Jak rozpocząć biegową zimę w 2023 roku? Najlepiej 14 stycznia, kiedy to odbędzie się druga edycja zimowego Festiwalu Biegowego ULTR WAY w Wejherowie. Zawodnicy będą mogli wystartować w czterech różnych biegach. Są to ,,Szybka Sarna” (10 km +), ,,Pół Dzika” (27 km +), ,,Tropem Rysia” ( 54 km) oraz ,,Nocny Jeleń” (76 km +). Wielu biegaczy, którzy wzięli udział w pierwszej odsłonie tego wydarzenia już szykuje się, by ponownie zawitać na Kaszuby.
Iza Podczarska, ultramaratonka z Kolbud z chęcią bierze udział w biegach organizowanych na terenie Trójmiejskiego Parku Krajobrazowego.
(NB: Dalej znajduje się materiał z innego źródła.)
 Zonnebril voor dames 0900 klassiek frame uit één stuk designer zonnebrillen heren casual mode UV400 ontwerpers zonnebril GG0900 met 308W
W Festiwalu ULTRA WAY w styczniu wystartowała na dystansie 66 km. Mimo zmęczenia i różnych kryzysów na trasie znów zamierza tu wrócić na kolejną edycję.
– Mam bardzo miłe wspomnienia – mówi. – Piękna , idealnie oznakowana trasa. Wyjątkowi wolontariusze i super punkty żywieniowe na full wypasie. Podczas ubiegłorocznej edycji pogoda dopisała. Z przyjemnością znów pobiegnę żeby przeżyć te niesamowite chwile jeszcze raz.
Dystans 66 km nosi nazwę „Nocny Jeleń„. Bieg ten wygrał Damian Falandysz z Pruszkowa.
– Na tych terenach nigdy nie startowałem zimą – mówi. – Przede wszystkim to idealny moment na sprawdzenie swojej zimowej formy, określenie punktu „zero” na kolejny rok i weryfikacja co trzeba poprawić: wydolność, siłę, szybkość etc. Trasa jaką oferuje ULTRA WAY umożliwia nam to, ponieważ są tu pomieszane ze sobą odcinki na szybsze bieganie, czyli płaskie i równe, z tymi o dużych podbiegach oraz pagórkowatych i trudnych technicznie. Każdy znajdzie tu coś dla siebie.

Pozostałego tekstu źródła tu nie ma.